Another surprise in the lower half of the table is the prevalence of Stellantis models, with 5 models in the 11–20 spots. That included 2 Peugeots (208 EV and 2008 EV), 3 Opels (!), and the small Corsa EV in #19. The Corsa’s crossover (and tasteful) sibling, the Mokka EV, was in #17, with a record 86 units, while the Zafira Live EV minivan showed up in #18. Once again, while Stellantis lacks a star player* that can top the charts, it makes up for that with a strong lineup of team players that combine to make Stellantis a force to be reckoned with. (*Well … it might have just found one, and coming unexpectedly from the muddy banks of the Maumee river. But more on that at the end of the month in our global plugin vehicle sales report.)

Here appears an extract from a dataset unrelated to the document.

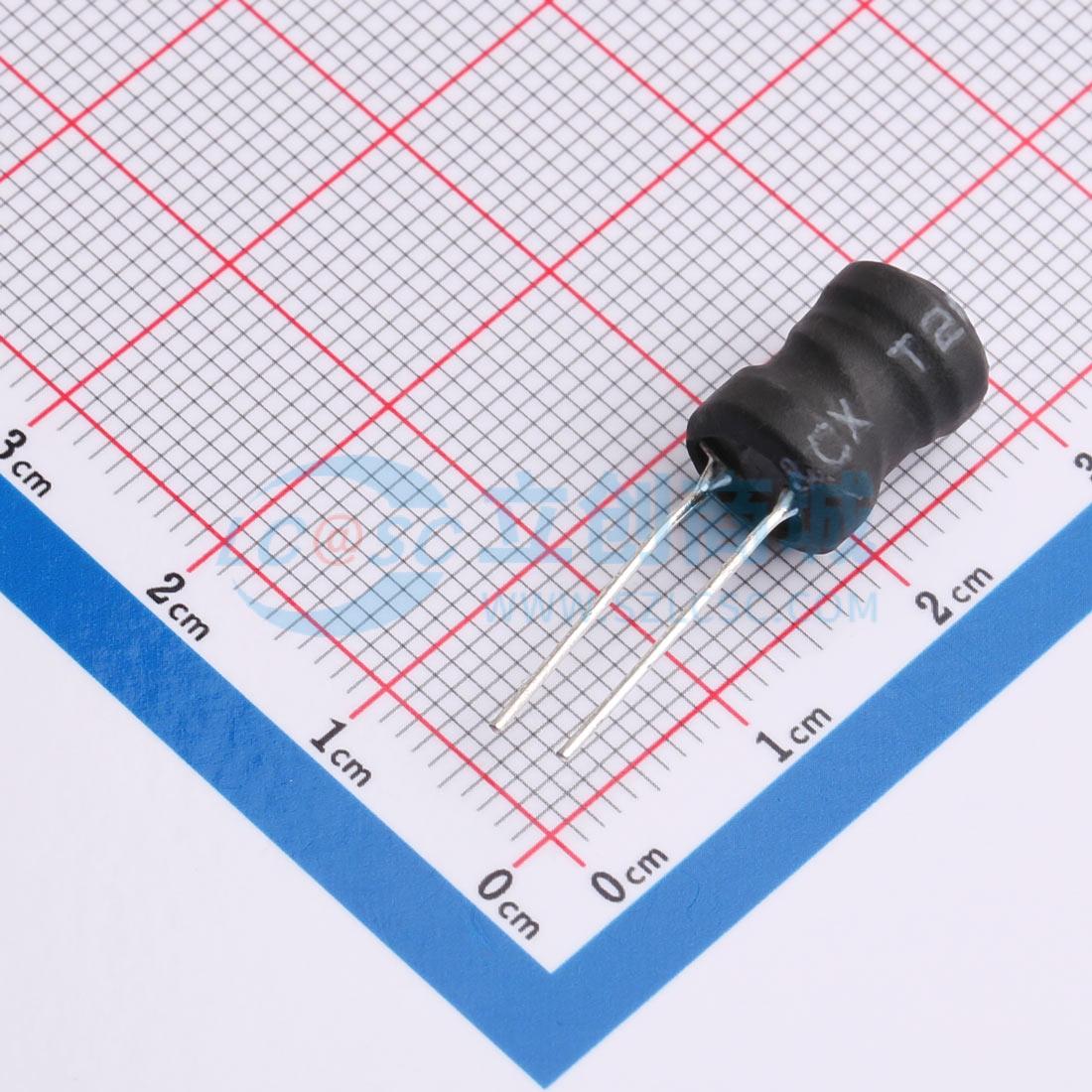 点击查看大图 XR8*10-560K-L实物图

Outside the top 20, July saw the Mini Cooper EV score 67 units and the Polestar 2 deliver 60 units, so we might see both the British hot hatch and the Swedish sports sedan return to the table soon.
Looking at the 2021 ranking, while in the previous report we saw a stable French market, here there is much to talk about. The Kia Niro EV switched places with the Volvo XC40 PHEV, allowing the Korean model not only to climb to the runner-up spot, but also put some pressure on the leader, the Skoda Enyaq. Last month, we saw another chapter of the rise and rise of the Ford Mustang Mach-E, with the electric pony jumping two positions in July, to 4th, surpassing its Kuga PHEV sibling. With the deliveries ramp-up of the popular Ford model still ongoing, I wouldn’t be surprised if we saw it compete for the best seller title with the Skoda Enyaq and Kia Niro EV soon.

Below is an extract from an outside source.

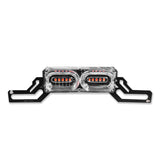 STOP DE LED PARA MOTO, 12V ROJO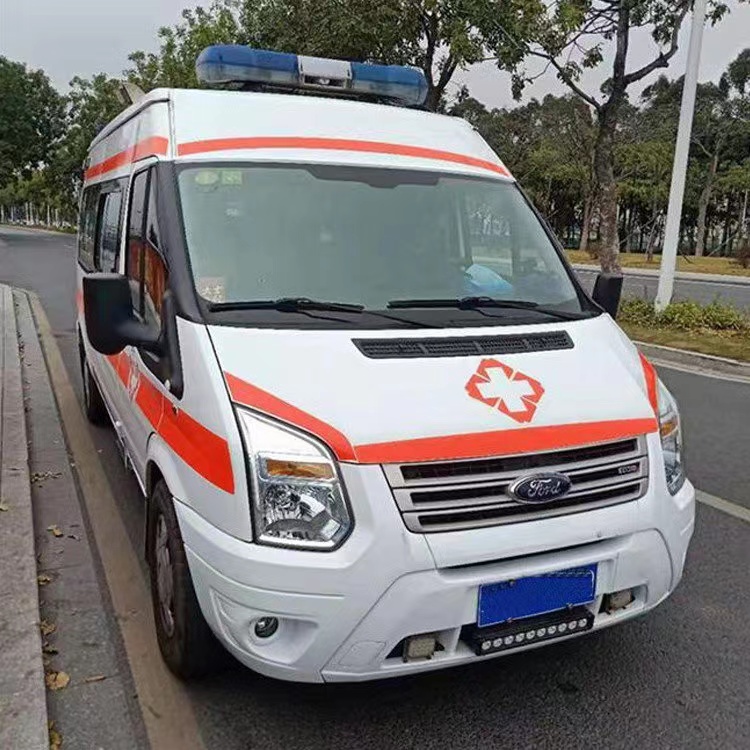 陈场镇120私人救护车出租护送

A couple positions down the table, the Volvo XC40 EV was up to #7. As a result, all top 7 positions belonged to crossovers and SUVs, and in #10 we have another SUV shining, with the BMW X5 PHEV barge climbing to #10.
In the second half of the table, a mention goes out to the veteran Nissan Leaf, jumping two positions to #13 (where art thou, VW ID.3?…). Meanwhile, the Peugeot e-208 moved up one spot, to #16.
Interestingly, the new face in the top 20 is also coming from Peugeot, with the 2008 EV crossover showing up in #17, increasing the number of BEVs in the table to 12. And a few more pure electric models could join soon, as the #21 Polestar 2 (503 units) or the #22 Mercedes EQA (496) are literally just a few units away from joining the table. They could also increase the number of pure electrics in the top 20.
In the manufacturer ranking, Volvo (12%, down 1 percentage point) is still the #1 brand, but it suffered another blow last month, as its PHEV sales are suffering due to the new BEV tide. BMW (11%) hung on to #2, but its over-reliance on PHEVs might mean it won’t wear silver for long.
A rising #3 Ford (9%, up 1 point) is trying to catch up to the top two, but so are rising #4 Skoda (8%, up 1 point) and #5 Kia (7%, up 1 point), both looking to reach the podium.
As for OEMs, Volkswagen Group (21%, up 1 point) gained a little more of a lead over #2 Geely–Volvo (14%). #3 BMW Group (12%), #4 Stellantis (11%), and #5 Renault-Nissan-Mitsubishi Alliance (11%) remain stable, but Hyundai–Kia is closing in, now only 2 points behind the Munich-based group. So, we might see the Koreans reach a medal positions soon.